En nuestro recorrido diario por DEADLYWOOD toca detenernos en la foto de Vanessa Seoane, una foto que al contrario de lo que muchos piensan, no fue tomada en las ya quemadísimas (y aburridisimas) Casas Bailly. Fue tomada en Guísamo, en una lluviosa tarde de Mayo y en un lugar de muuuuuuy difícil acceso.

La primera de las anécdotas que os tengo que contar, es que para acceder a la mansión que veis, tardamos casi una hora en recorrer una distancia de unos 50 metros. A pesar de ir armados con  buzos, botas, tijeras de podar, guantes y algunos elementos más, como todo el equipo fotográfico, el vestuario… el camino era tan sumamente  inaccesible que llegar fue casi tarea imposible. Y si os digo que habíamos estado allí limpiando e inspeccionando el terreno unas semanas antes, os podréis hacer la idea de la jungla en la que tuvimos que adentrarnos.

Una vez fuimos capaces de alcanzar dicha mansión, y debido al estado tan lamentable en el  que se encuentra, no había muchas más alternativas fotográficas que situar a Vane en las vigas, a una altura de unos dos metros sobre todo tipo de escombros…  Yo creo que no le hizo demasiada gracia, pero es que tenía una serie de fotos muy claritas, así que no le quedó otra que ir haciendo equilibrios con sus taconazos por la viga.  En este punto seguro que diréis “Alex, eres un capullo, cómo te pasas!!!!”. Bueno, pues os contaré como anécdota que quien escribe estas palabras se encontraba en una situación exactamente igual a la de Vanessa pero en la viga de enfrente, haciendo equilibrios para tratar de sacar las mejores posibles… así que no os dé pena solo la modelo, sobre todo a aquellos que conocéis mi facilidad para caerme de los sitios. Y tampoco os cuento las peripecias para iluminar la escena que también tuvieron tela.

Tal vez hubiese fotos más espectaculares de esta sesión para incluir en DEADLYWOOD, sobre todo algunas en las que se ve como Vane está  en medio de las vigas, suspendida en el vacío y donde se puede contemplar el riesgo de la situación… pero ella salía demasiado minúscula ante un entorno tan apabullante. Así que decidí darle todo el protagonismo que se merece en una foto en la que el entorno no le roba ni una milésima de su protagonismo. Además me encantaba esa expresión…

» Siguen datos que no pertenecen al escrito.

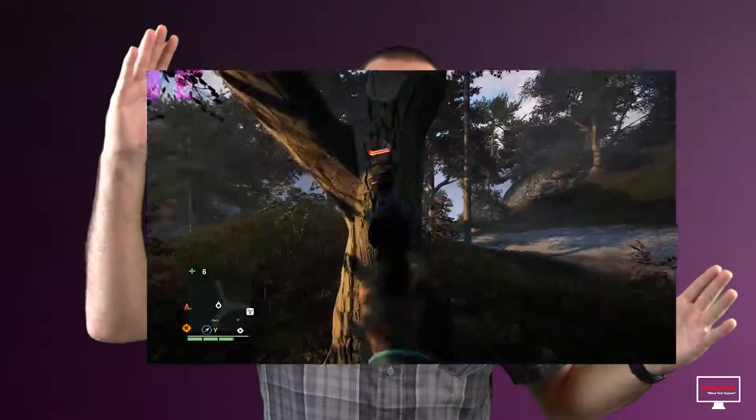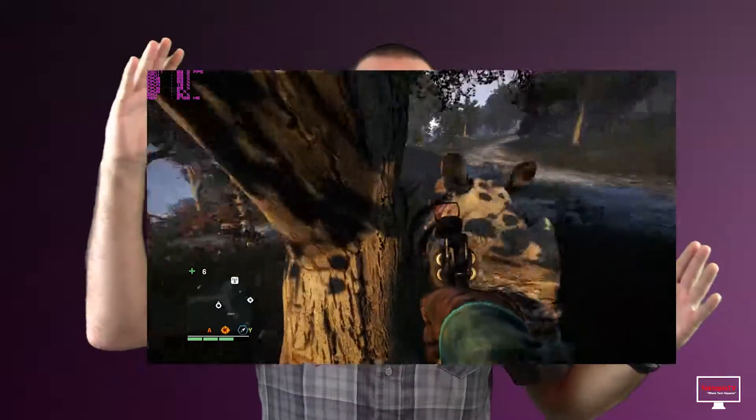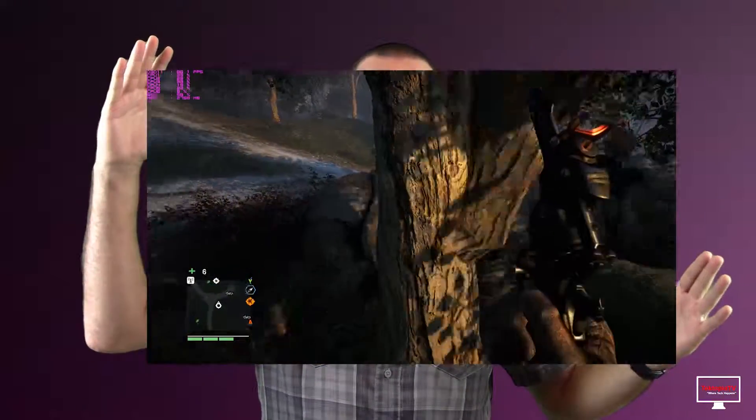What this is essentially doing is making a larger, higher resolution image and scaling it down to fit your monitor. Think of it as being another form of anti-aliasing.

Historietas aparte, he de decir que era la primera vez que trabajaba con Vane, que iba súper guapísima y que estaba súper ilusionada por las fotos. Conseguimos mucho material  y muy bueno, hasta que de repente empezó a llover y tuvimos que abortar la sesión… Como otra curiosidad, aportaré que el display de mi cámara se estropeó ese día con la lluvia, grrrrrrrl!!!!

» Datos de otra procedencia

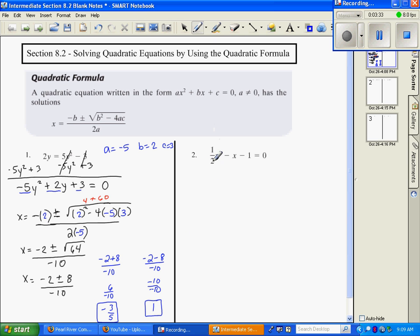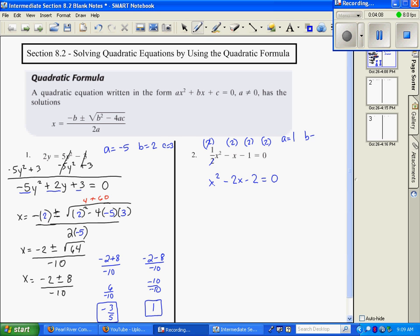Number 2. It's in this format, but I don't really like that it's a fraction. We can get rid of the fraction by multiplying by a common denominator, which is 2. If I multiply every term by 2, I can get rid of the fraction — the 2 cancels, and I have x squared minus 2x minus 2 equals 0. Now we don't have any fractions, so we can name our a. a is 1, b is negative 2, and c is negative 2.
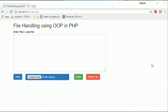So PHP provides set of functions to perform file handling in PHP.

Para escapar de allí no necesitamos una hora porque el camino ya estaba semi-abierto, pero entre lo poco que se veía, la lluvia e ir cargados como mulas, tampoco fue tarea fácil. Media hora tal vez, Vane?. Vamos, que nos pusimos pingando…

En el aspecto del procesado, pues solamente la pasé a blanco y negro… no tiene más historia la cosa. Sí que tuve muchísimas dudas si optar por la versión en color  o por la de blanco y negro. Me gustaban mucho los colores, pero al final la de blanco y negro me parecía más cargada de dramatismo. En fin…

Un besazo enorme guapísima y muchas gracias. Tenemos que terminar la sesión!!!.